ACTIVITY
Would you repeat the whole listing exactly?

---- PROVIDED DATA

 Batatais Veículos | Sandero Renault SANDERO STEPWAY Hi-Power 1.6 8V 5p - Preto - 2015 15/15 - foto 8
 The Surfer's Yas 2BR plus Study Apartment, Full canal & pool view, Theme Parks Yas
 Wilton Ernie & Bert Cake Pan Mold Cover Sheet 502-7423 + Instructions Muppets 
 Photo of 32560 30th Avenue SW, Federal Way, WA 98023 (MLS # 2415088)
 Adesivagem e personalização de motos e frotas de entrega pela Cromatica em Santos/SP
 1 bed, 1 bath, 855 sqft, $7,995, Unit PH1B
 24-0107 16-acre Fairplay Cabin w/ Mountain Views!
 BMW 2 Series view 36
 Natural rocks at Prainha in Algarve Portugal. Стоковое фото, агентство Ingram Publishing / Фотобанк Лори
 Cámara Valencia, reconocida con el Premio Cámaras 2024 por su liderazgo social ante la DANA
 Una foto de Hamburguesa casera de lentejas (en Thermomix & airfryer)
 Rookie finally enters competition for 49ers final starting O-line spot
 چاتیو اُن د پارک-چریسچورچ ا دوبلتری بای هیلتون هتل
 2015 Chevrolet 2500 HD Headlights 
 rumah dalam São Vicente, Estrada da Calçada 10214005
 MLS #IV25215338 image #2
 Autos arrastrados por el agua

--------

ANSWER SPACE
 Batatais Veículos | Sandero Renault SANDERO STEPWAY Hi-Power 1.6 8V 5p - Preto - 2015 15/15 - foto 8
 The Surfer's Yas 2BR plus Study Apartment, Full canal & pool view, Theme Parks Yas
 Wilton Ernie & Bert Cake Pan Mold Cover Sheet 502-7423 + Instructions Muppets 
 Photo of 32560 30th Avenue SW, Federal Way, WA 98023 (MLS # 2415088)
 Adesivagem e personalização de motos e frotas de entrega pela Cromatica em Santos/SP
 1 bed, 1 bath, 855 sqft, $7,995, Unit PH1B
 24-0107 16-acre Fairplay Cabin w/ Mountain Views!
 BMW 2 Series view 36
 Natural rocks at Prainha in Algarve Portugal. Стоковое фото, агентство Ingram Publishing / Фотобанк Лори
 Cámara Valencia, reconocida con el Premio Cámaras 2024 por su liderazgo social ante la DANA
 Una foto de Hamburguesa casera de lentejas (en Thermomix & airfryer)
 Rookie finally enters competition for 49ers final starting O-line spot
 چاتیو اُن د پارک-چریسچورچ ا دوبلتری بای هیلتون هتل
 2015 Chevrolet 2500 HD Headlights 
 rumah dalam São Vicente, Estrada da Calçada 10214005
 MLS #IV25215338 image #2
 Autos arrastrados por el agua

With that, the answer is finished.